I'm a huge fan of clamps these days :


----------



## liamvswild32 (Dec 22, 2013)

Hrawk said:


> I'm a huge fan of clamps these days:


yeah ive found though that they take time and more tools to make


----------



## studer1972 (Mar 17, 2013)

African wrap? (Use a lot of wrap and keep going quite a ways down the fork.) To quote one of the masters (flatband)

*African Wrap*​
a method of attaching rubber to the posts where the rubber is run down the front of the posts to the base of the prongs.Then leather strips or strong cord is wrapped all the way around and up until it reaches the tops of the posts. A very secure way but a long sling is needed.

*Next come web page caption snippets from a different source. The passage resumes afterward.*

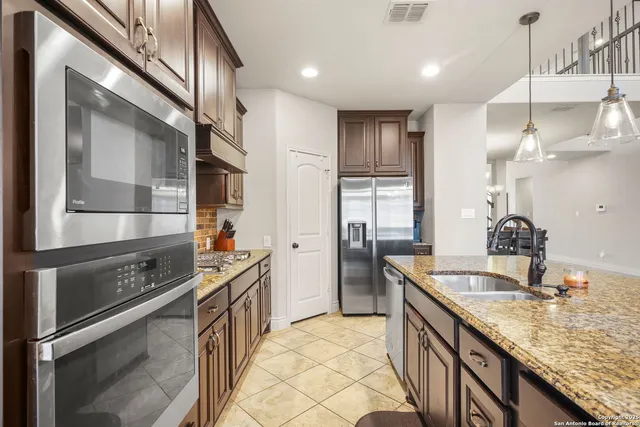 a kitchen with stainless steel appliances granite countertop a sink stove and refrigerator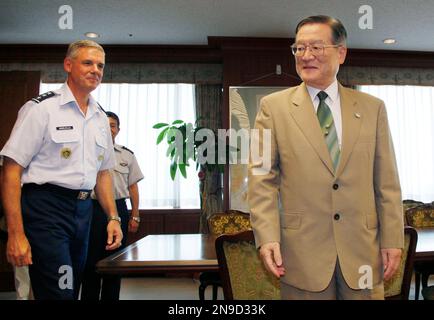 New U.S. Forces Japan Commander Lt. Gen. Salvatore A. Angelella, left, is escorted by Japanese Defense Minister Satoshi Morimoto before a meeting at Defense Ministry in Tokyo Friday, July 27, 2012. (AP Photo/Koji Sasahara)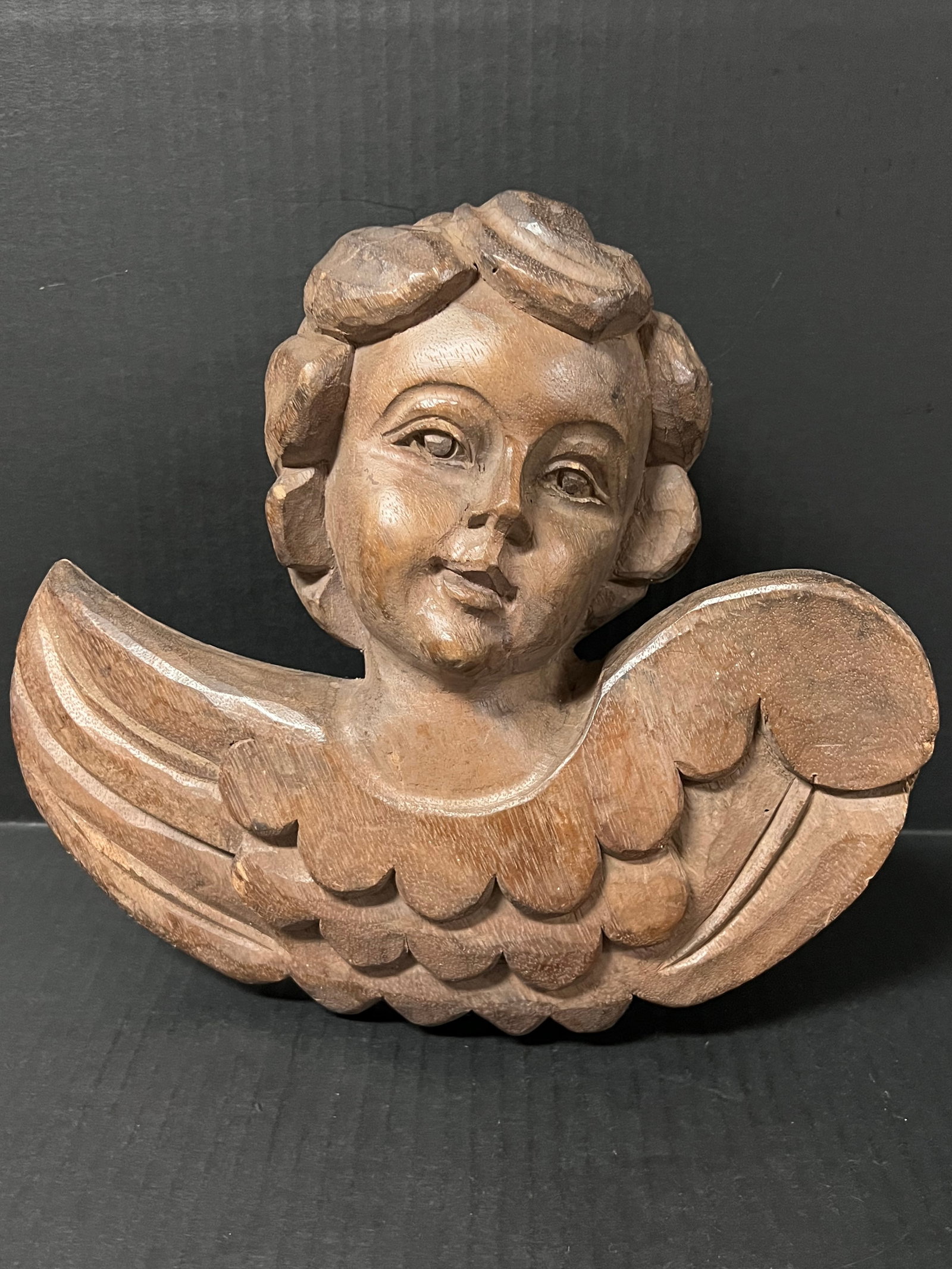 Carved Wood Cherub: Religious Art Carved Wood Cherub. The dimension is 10 inches high x 5 inches depth x 11 inches wide. Please be aware that some of the items are vintage, secondhand, old ages, antiques and may have a d
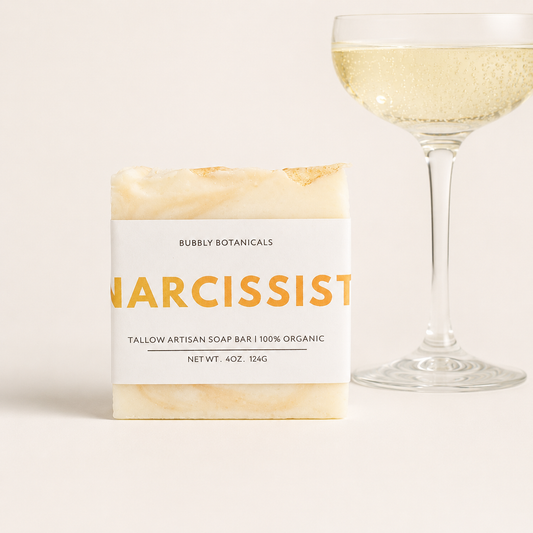 A bar of artisanal tallow soap labeled 'Narcissist (type)' by Bubbly Botanicals, shown next to a champagne glass filled with bubbly liquid on a light beige background.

http://www.slingshots.com/html/slingshot-catapult-glossary.html


----------



## ruthiexxxx (Sep 15, 2012)




----------



## oldmiser (Jan 22, 2014)

I like that slingshot Hrawk posted..Nice video..Where can you buy a slingshot like that Hrawk posted..just asking is all~AKA Oldmiser


----------



## ruthiexxxx (Sep 15, 2012)

Maybe ask Hrawk


----------



## studer1972 (Mar 17, 2013)

Jack Kohler makes/sells similar:
www.supershooting.com


----------



## studer1972 (Mar 17, 2013)

MontieGear, too
www.montiegear.com


----------